In Revenue Ruling 88-76, the Service classified a Wyoming LLC as a partnership under federal tax law. Any lingering uncertainty about the tax status of LLCs was eliminated when the Treasury Department abandoned its previous rules for determining the tax status of an LLC and adopted “check the box” (CTB) regulations. Effective January 1, 1997, an LLC could simply elect its preferred tax status and choose either pass-through taxation like a partnership, or entity taxation like a corporation, including an S corporation. The underlying premise of the CTB regulations is that state law differences in entity structure and governance should not be controlling for federal taxation purposes.

The primary distinctions between an LLC and a corporation are:

(1) there is no limitation on the number of investors who can participate in an LLC that is taxable as a partnership; in contrast, Subchapter S has always restricted the number or shareholders;

(2) any individual or entity, whether domestic or foreign, can become a member in an LLC; S corporations are subject to rigid shareholder eligibility limitations;

(3) because of the one class of stock requirement, S corporations cannot provide a liquidation or distribution preference to any shareholder; an LLC facilitates the issuance of various types of security interests, without jeopardizing their pass-through tax status;

(4) LLCs, except where limited by state law, can created multi-tiered structures of unincorporated pass-through entities to facilitate combinations of business and investment pools and assets; S corporations are more limited in their ability to combine with other corporations and businesses without jeopardizing their pass-through tax status; and

(5) S corporations may engage in tax-free reorganizations without shareholders recognizing gain or loss on stock exchanges pursuant to a plan of reorganization; an LLC, unlike an S corporation, may not be a party to a tax-free reorganization.

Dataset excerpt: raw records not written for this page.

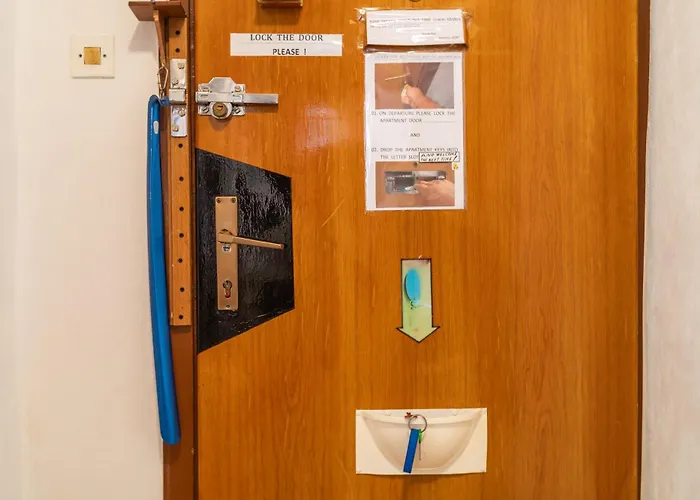 Two Stars Two Beds Downtown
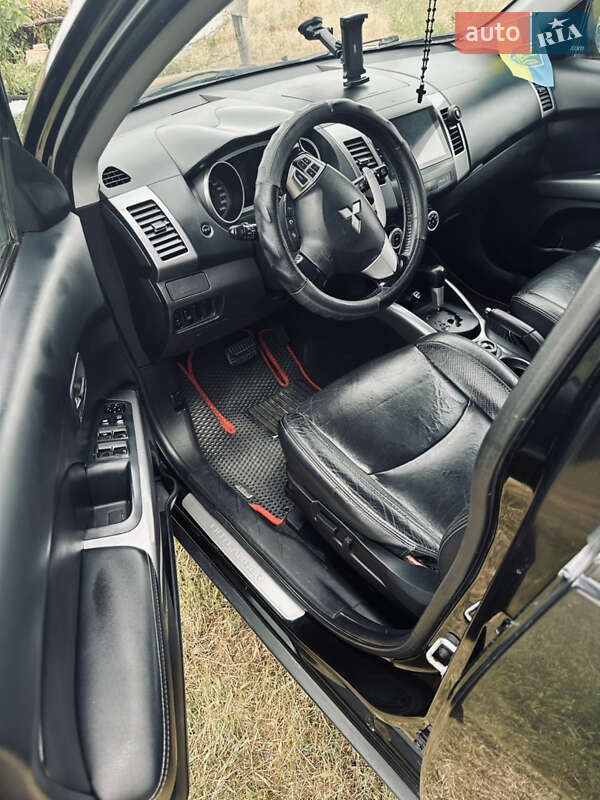 Позашляховик / Кросовер Mitsubishi Outlander 2007 в Миколаєві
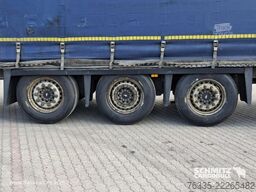 Schmitz Cargobull Curtainsider Mega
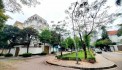 Biệt thự trên bán đảo Linh Đàm cạnh hồ điều hòa, DT 254m2, mặt tiền 13m, giá chỉ 6x tỷ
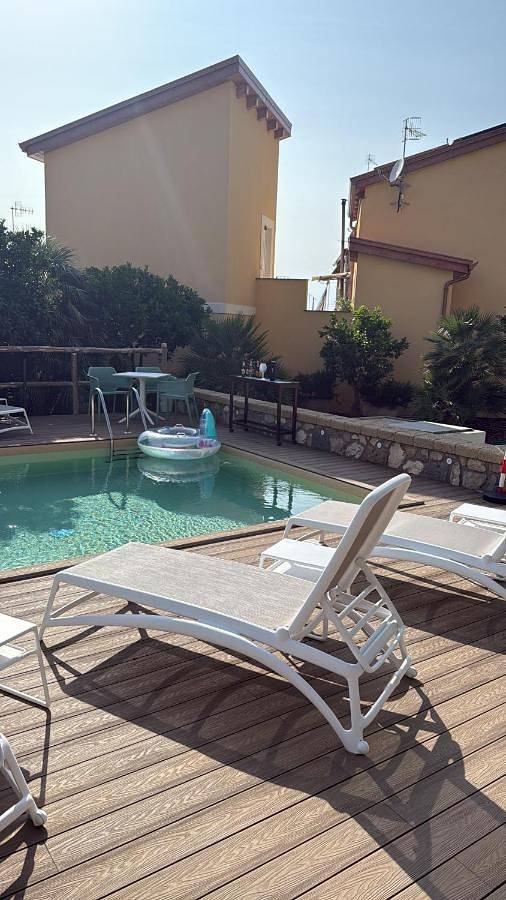 Chambre d’hôte pour 3 personnes, avec piscine ainsi que vue et balcon à Sorrento - 3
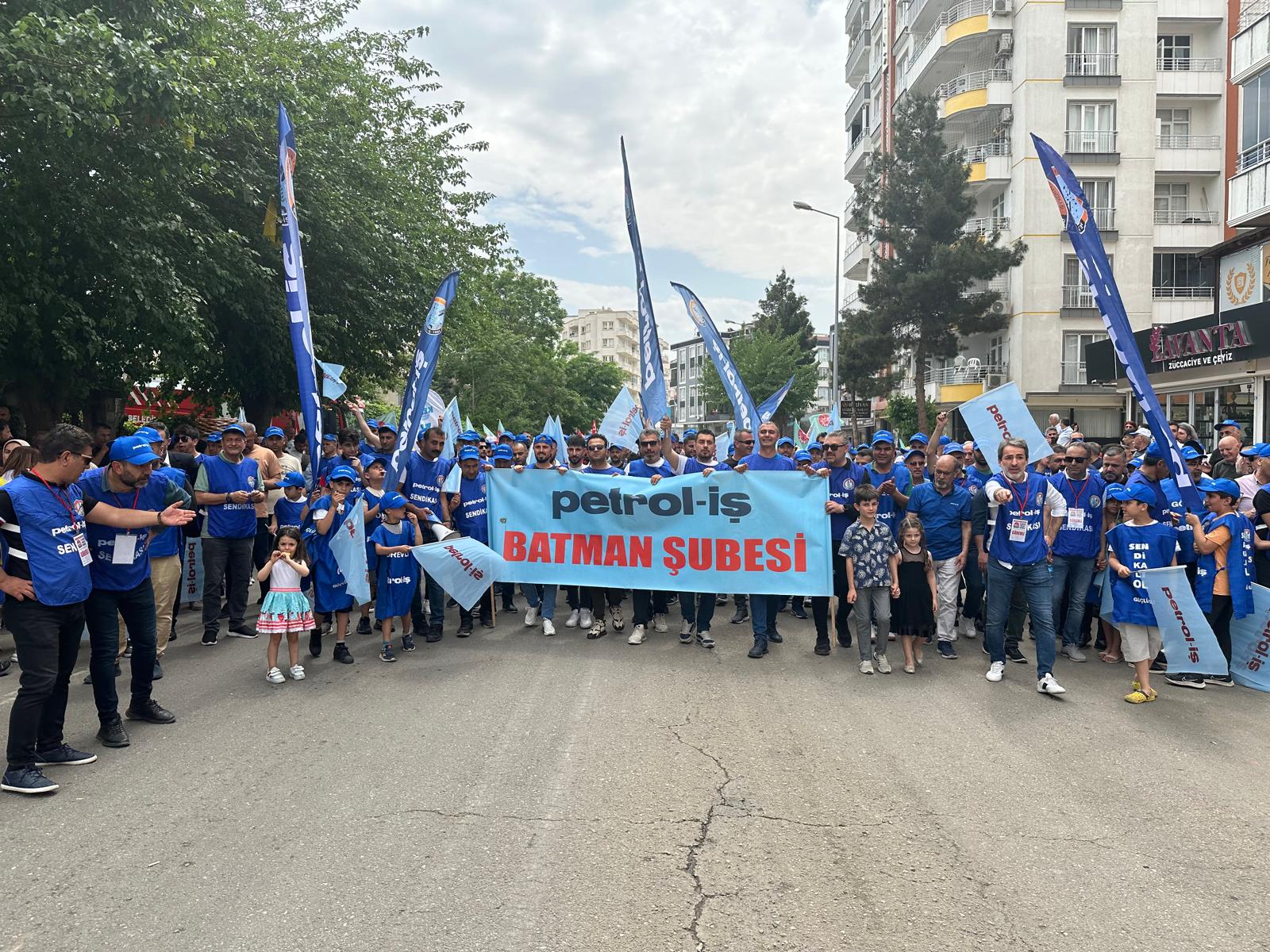 Batman'da Kitlesel 1 Mayıs Kutlaması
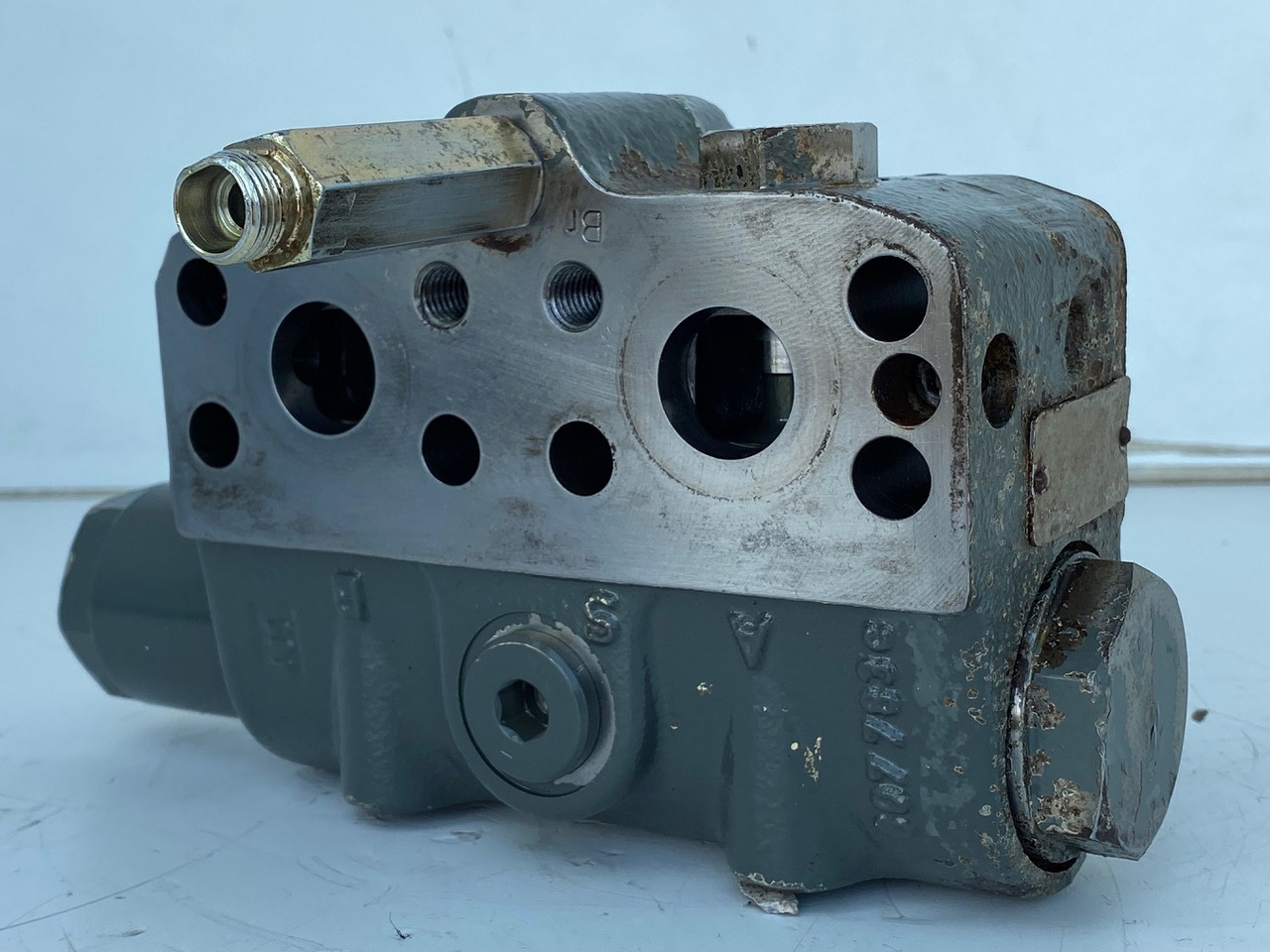 Liebherr Bremsventil ID-Nr.10471957. LOS914, LOS924, R902, R904, R912, R914, R922, R924, R924 COMP, R924 COMPA. #STM20.05## - Comando final por Escavadora de rastos: foto 5 Liebherr Bremsventil ID-Nr.10471957. LOS914, LOS924, R902, R904, R912, R914, R922, R924, R924 COMP, R924 COMPA. #STM20.05## - Comando final por Escavadora de rastos: foto 5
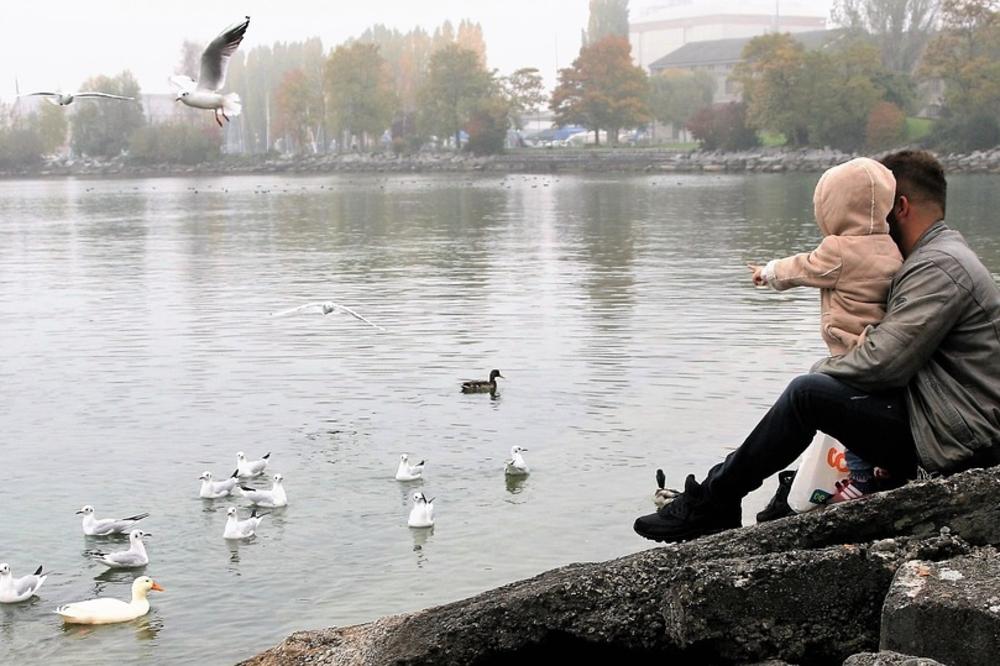 I PAPUČARI ŽIVE KRASNO! Mališan je napisao pismo o svom tati i IZBLAMIRAO GA ZA SVA VREMENA! (FOTO)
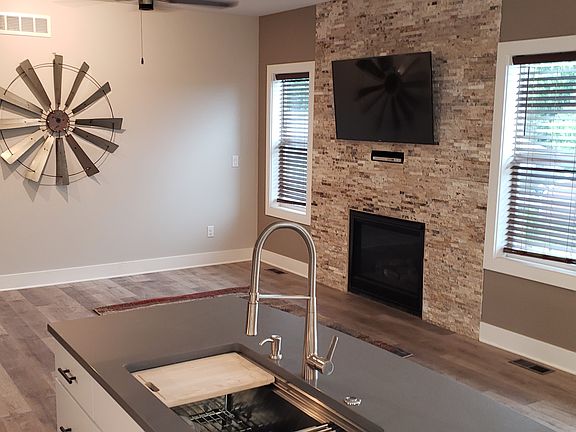 New quartz counter tops.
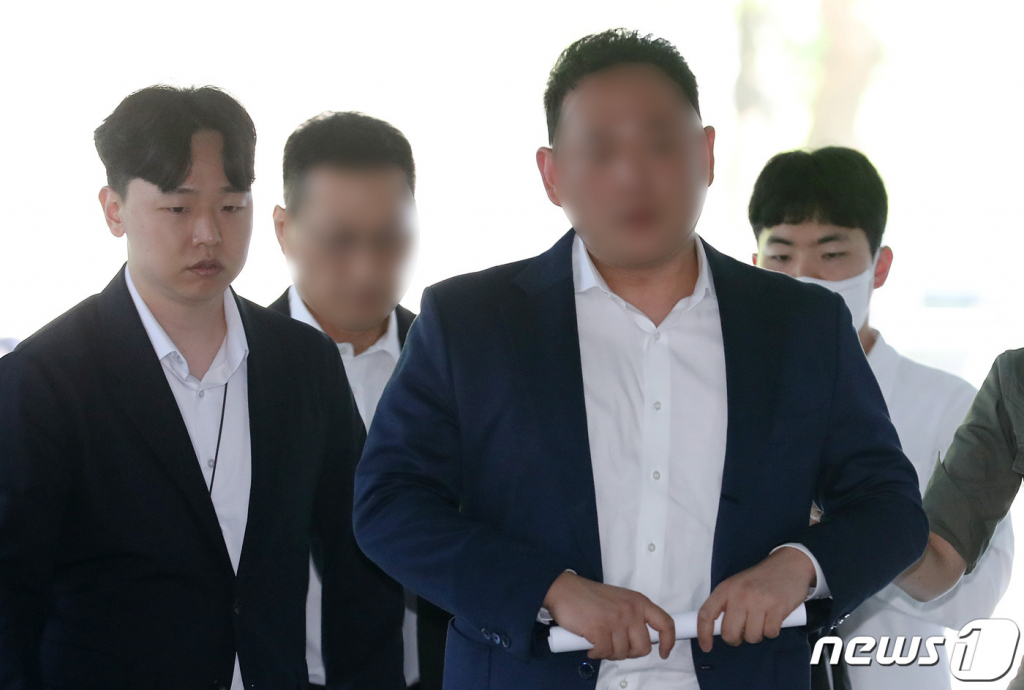 회삿돈을 횡령해 비자금을 조성하고 불법으로 재산을 해외로 유출한 혐의 등을 받는 이화그룹 김영준 회장(왼쪽)과 김성규 총괄사장이 지난 5월11일 오전 서울 서초구 서울중앙지방법원에서 열린 구속 전 피의자 심문(영장실질심사)에 출석하고 있다./사진=뉴스1 제공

In fact, the CTB regulations only indirectly benefit incorporated pass-through entities, like S corporations, by permitting them to be members of LLCs or limited partnerships and to have wholly-owned LLC tax nothings. Nevertheless, as a result of the CTB regulations, a hybrid LLC business structure may allow the small business owner to combine the benefits of an LLC created by state law with those of an S corporation under federal tax law, assuming that the LLC members can meet and maintain all of the requirements of an S corporation. Indeed, an LLC can provide a useful mechanism for S corporations to segregate different aspects or branches of its business for limited liability purposes while still maintaining control.

The primary benefit of employing the S corporation structure is that corporations are recognized in all jurisdictions and, thus, its limited liability feature is universally accepted, subject to situations where piercing the corporate veil is appropriate on an alter-ego theory. LLCs are creatures of state law that vary from jurisdiction to jurisdiction. Consequently, while an LLC structure may permit greater freedom of contract among LLC members, there is no uniform interpretation of the rules governing the enforcement and interpretation of their contracts. Thus, there is reason for caution in jumping on the LLC bandwagon: unlike S corporations having a single shareholder, because of the difference among the various state laws, single member LLCs may afford an owner less protection from unlimited liability than an S corporation, which generally insures limited liability.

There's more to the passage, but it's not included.